Bruce Willis’ name was on the invitation, but Idaho Gov. Phil Batt declined a chance to meet the actor who is the leading financial backer of the state initiative to scuttle Batt’s 1995 nuclear-waste deal.

Willis, who has contributed more than $35,000 to the Stop the Shipments campaign, was among the stars listed to attend a Tuesday night fund-raiser at Planet Hollywood, the nightclub chain in which Willis has invested. Actor Charlton Heston had invited Batt and other GOP leaders to the fund-raiser for his new Arena Political Action Committee.

“I don’t want to meet Bruce Willis,” Batt said. “It’s not on my priority list.”
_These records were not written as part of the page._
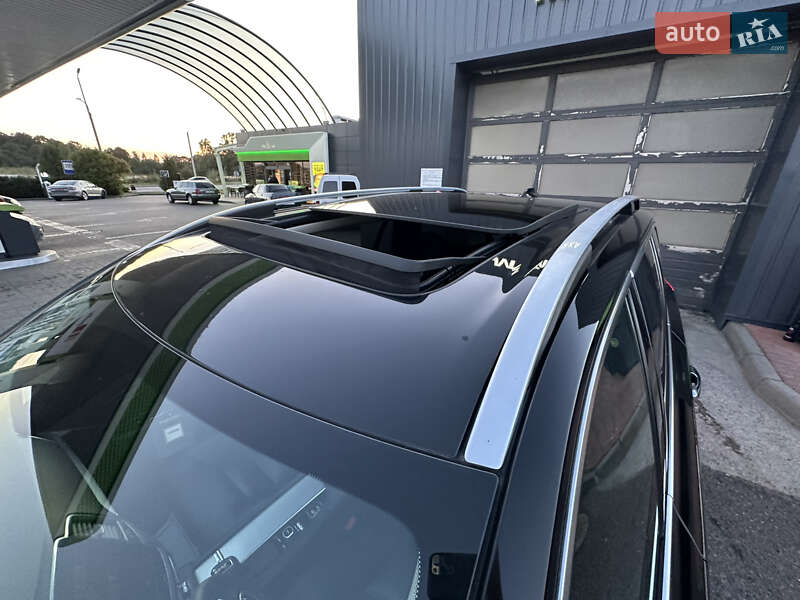 Внедорожник / Кроссовер Volvo XC90 2016 в Дрогобыче фото 16 Внедорожник / Кроссовер Volvo XC90 2016 в Дрогобыче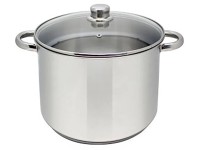 Elo nagyméretű fazék 26 cm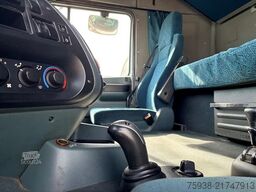 DAF XF 95.430 SPACECAB (EURO 4 / AS-TRONIC / FULL S...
Some kind of puppet government?

So many agonizing decisions for the Republican delegates: abortion, immigration, affirmative action and, most important, whether to buy the souvenir Bob Dole hand puppet or the $600,000 diamond-studded elephant pin at Neiman Marcus.

In addition to being overrun by politicians, journalists and fat cats, San Diego is awash in convention kitsch, memorabilia and free corporate-sponsored gift bags.
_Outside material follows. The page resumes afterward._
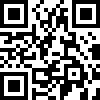 https://isna.ir/xdMWPN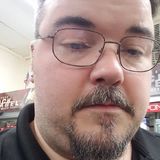 Jbartkink from Beach Park | Man | 46 years old | Taurus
Just about every product imaginable is available: Dole pineapple soap; red, white and blue gun racks; topiary elephants; life-sized Newt Gingrich cardboard cutouts; $10 convention cigars; Bill Clinton cat toys; and $150 Ronald Reagan Stetson hats.

There’s even a GOP escort service: Rent three girls, get the fourth free! (“GOP” in this case stands for “Good Old-fashioned Pleasure.”)

The cache of goods is so extensive that the National Museum of American History has sent two staffers to hunt trinkets for its collection of political memorabilia.

Forgetting who’s the boss

On the eve of the biggest speech of his life, Bob Dole’s novelist-speechwriter Mark Helprin bailed out of San Diego in a huff after Dole scrapped the ending of his prime-time address.

Helprin caught a flight back to his farm in upstate New York late Tuesday after Dole - who’d been working with him since April on Thursday night’s acceptance speech for the GOP convention ordered the last four paragraphs revamped.

He gets the bounce

Bob Dole closed to within 10 points of President Clinton in a nightly tracking poll released Wednesday as the Republican presidential nominee apparently started getting the expected “bounce” from his party’s national convention.

Another national poll released Wednesday also found Clinton’s advantage eroding to only 8 points over Dole in a three-way matchup including Ross Perot.

It is the closest Dole has come to Clinton in the two polls since early this year.

Presidential candidates almost always get at least a small rise in the polls from their party’s conventions. Sometimes, though, the gains aren’t enough to make the lead change hands - or they evaporate as quickly as they appeared.